Tusk: W sprawie "śmieciówek" trzeba działać ostrożnie

Artykuł
Flickr.com/Anna Woźniak/CC

- Rząd, dążąc do ograniczenia stosowania tzw. umów śmieciowych, będzie działał ostrożnie, by zmiany nie prowadziły do zmniejszenia liczby miejsc pracy na rynku - zapewnił we wtorek premier Donald Tusk.

- Ciągle jesteśmy krajem na dorobku, dlatego niskie płace i pewne formy zatrudnienia, zwane śmieciowymi, w niektórych przypadkach są jedyną możliwością zatrudnienia, dlatego staramy się tu działać ostrożnie, żeby nie wylać dziecka z kąpielą – powiedział Tusk na briefingu prasowym podczas wizyty w Częstochowie.

 Dziennikarze pytali szefa rządu, w jaki sposób można przyciągnąć z powrotem emigrantów, którzy wyjechali z kraju, skoro pracodawcy stawiają nieraz wygórowane wymagania, oferując niewielkie pensje.

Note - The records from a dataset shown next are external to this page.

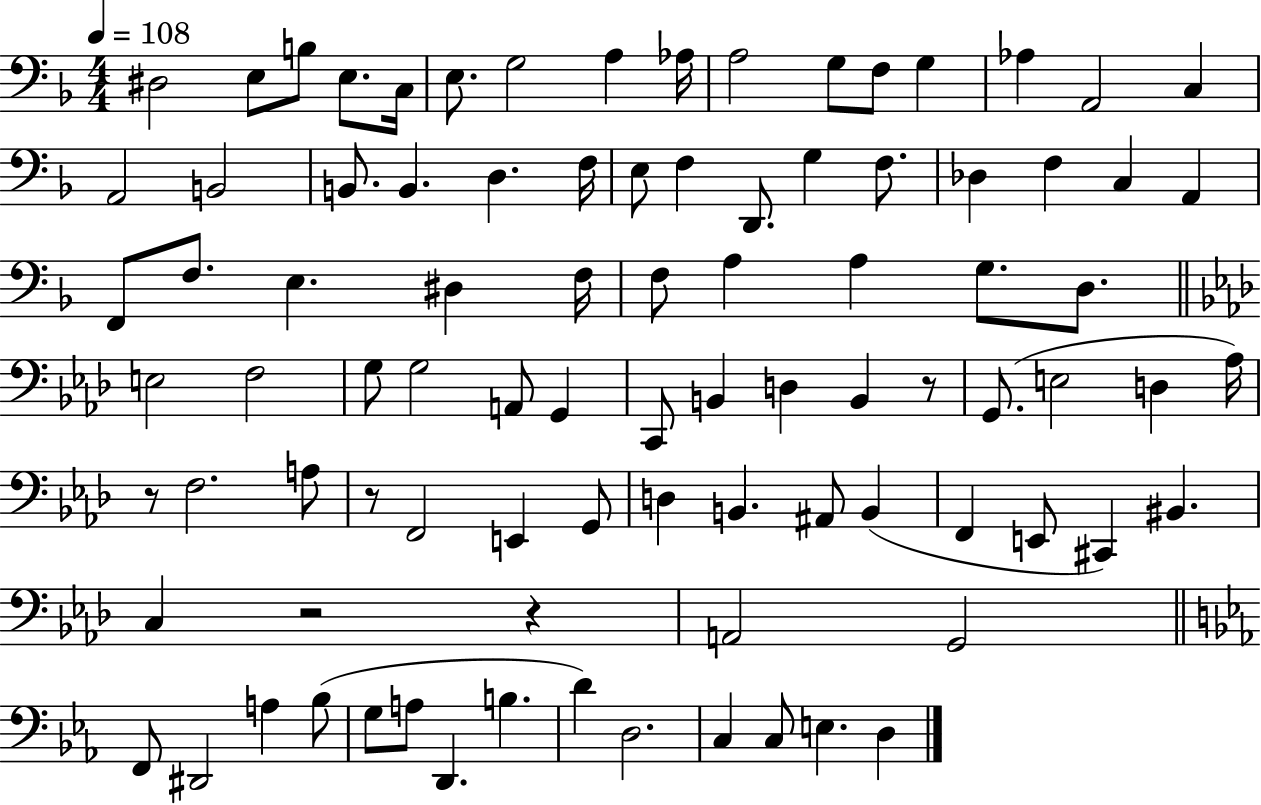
{
  \clef bass
  \numericTimeSignature
  \time 4/4
  \key f \major
  \tempo 4 = 108
  dis2 e8 b8 e8. c16 | e8. g2 a4 aes16 | a2 g8 f8 g4 | aes4 a,2 c4 | \break a,2 b,2 | b,8. b,4. d4. f16 | e8 f4 d,8. g4 f8. | des4 f4 c4 a,4 | \break f,8 f8. e4. dis4 f16 | f8 a4 a4 g8. d8. | \bar "||" \break \key aes \major e2 f2 | g8 g2 a,8 g,4 | c,8 b,4 d4 b,4 r8 | g,8.( e2 d4 aes16) | \break r8 f2. a8 | r8 f,2 e,4 g,8 | d4 b,4. ais,8 b,4( | f,4 e,8 cis,4) bis,4. | \break c4 r2 r4 | a,2 g,2 | \bar "||" \break \key c \minor f,8 dis,2 a4 bes8( | g8 a8 d,4. b4. | d'4) d2. | c4 c8 e4. d4 | \break \bar "|."
}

- Nie odpowiadam za ogłoszenia, jakie pojawiają się w polskich gazetach, natomiast odpowiadam za zmianę, którą chcemy przeprowadzić i rozpoczniemy jeszcze w tym roku, mówię tutaj o tzw. umowach śmieciowych – odpowiedział Tusk.

 Zapewnił, że w planowanych zmianach nie chodzi to, by np. wynagrodzenia artystów, wynikające z umowy o dzieło były obciążone „w sposób drastyczny jakimiś dodatkowymi daninami czy składkami”.

- Tak naprawdę chodzi o to, aby Polska przestała być krajem, w którym umowy o charakterze czasowym, tymczasowym nie były umowami dominującymi. One nie są dominujące, ale Polska rzeczywiście jest krajem, gdzie skala tzw. "śmieciówek" jest rzeczywiście już niepokojąca – powiedział Tusk.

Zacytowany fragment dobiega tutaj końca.